Invited Speakers

Keynote Speakers

Cornelius Holtorf

Heritage Futures I Archaeology, School of Cultural Sciences, Linnaeus University.

Cornelius Holtorf studied prehistoric archaeology, social anthropology and human osteology in German and the UK, gaining his PhD in Archaeology from the University of Wales in 1998. He is currently Professor of Archaeology and holds a UNESCO Chair on Heritage Futures at Linnaeus University in Kalmar, Sweden (see https://lnu.se/en/unescochair). He is also a Co-Investigator in the Heritage Futures project based at UCL and directs the Graduate School in Contract Archaeology (GRASCA) at Linnaeus University.

Meg Nömgård

Director of the Land of Legends, Sweden.

Meg is the director of The Land of Legends, which is run by The Storytelling Network of Kronoberg which is an association/NGO that was formed in 1990 with the aim of encouraging storytelling and highlighting the treasure of legends from the area of Kronoberg, South Sweden. The Land of Legends includes among other things “The Museum of Legends” (Sagomuseet) a yearly Storytelling festival and Legendary places in the landscape. Since 2014 the association is accredited to provide advisory services to UNESCO’s Intergovernmental Committee for the Safeguarding of the Intangible Cultural Heritage, and in March 2017 the Swedish government, decided to nominate The Land of Legends to UNESCO’s Register of Good Safeguarding Practices for Intangible Cultural Heritage (answer from Unesco will be given at thirteenth session of the Committee in November 2018). In 2016, Meg was awarded the Swedish UNESCO prize, handed out, for the first time, by the Swedish National Commission for UNESCO, this for her efforts to strengthen and develop UNESCO related activities in Sweden. She has participated in UNESCO courses to become an instructor for the Convention for the Safeguarding of the Intangible Cultural Heritage.
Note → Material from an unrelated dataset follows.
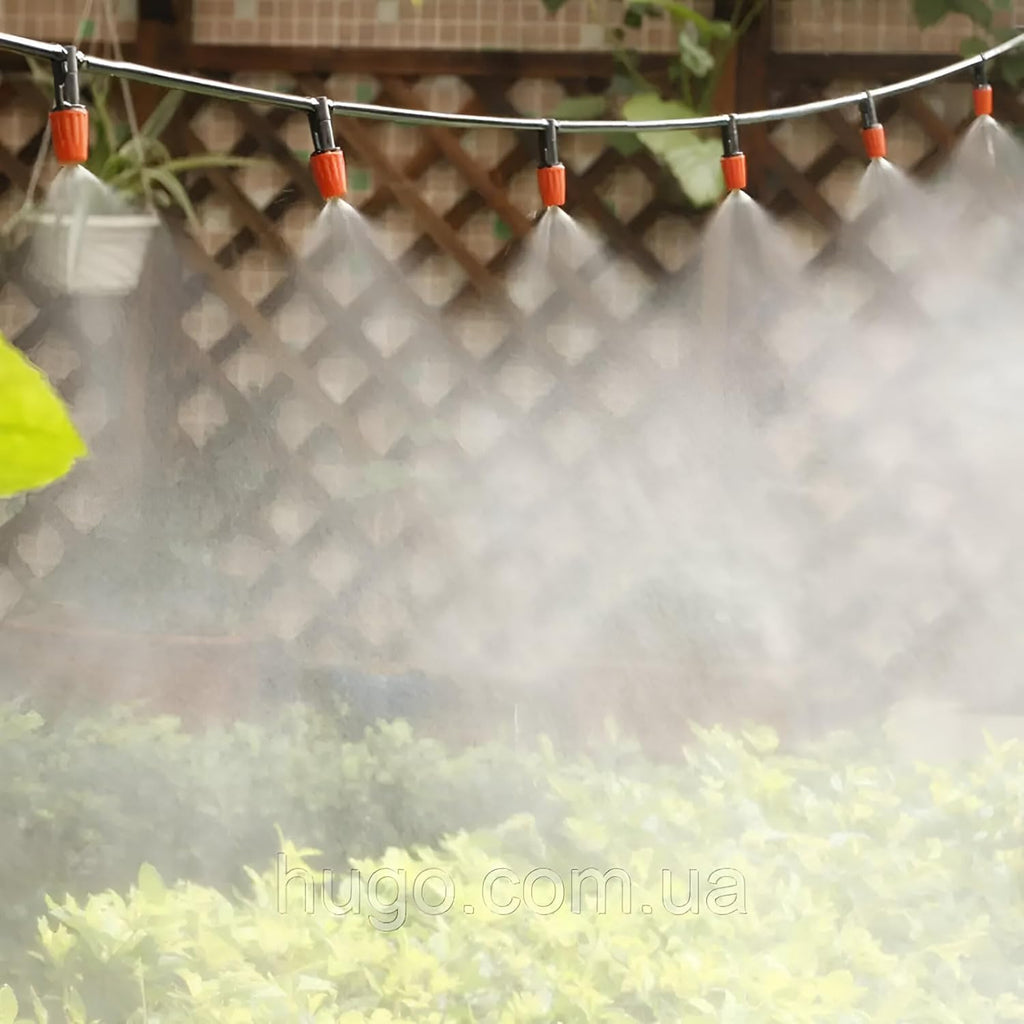 JERN DIY Drip Irrigation Kit with Misting Cooling Nozzles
Meg is a museologist, who has previously worked (to mention a few) for The National Heritage Board of Sweden with Sweden’s world heritage sites, at The County Museum of Kalmar as a curator with international focus on ”Time Travels” and oral history and at historical sites own by The National Property Board of Sweden. She is also a storyteller, who love to tell everything between the tales from ancient time up to modern stories.

Neel Kamal Chapagain

Associate Professor and Director, Centre for Heritage Management, Ahmedabad University, Ahmedabad, India.

Neel is an architect and heritage professional from Nepal, who is currently the Director of the Centre for Heritage Management at Ahmedabad University in India. He began his work at Ahmedabad University in developing a Masters Degree Programme in Heritage Management where the emphasis is on integrating tangible and intangible as well as natural and cultural heritage discourses and practices. Along with the Masters programme, he has also been chairing an international conference series on Heritage Management Education and Practice, and has been instrumental in setting up the Journal of Heritage Management. Previously he worked in Nepal, Bhutan as well as USA. Along with his regular academic and professional engagements, he also coordinates a publication series titled ‘Reflections on the Built Environment and Associated Practices’ from Nepal, of which two volumes have been published and third volume is in its final stage. Earlier he co-edited (with Kapila Silva) ‘Asian Heritage Management: Contexts, Concerns and Prospects’ (Routledge 2013). He obtained his Ph.D. from University of Wisconsin-Milwaukee (USA), an Architecture Doctorate from University of Hawaii – Manoa (USA), and a Bachelors in Architecture from Tribhuvan University, Nepal.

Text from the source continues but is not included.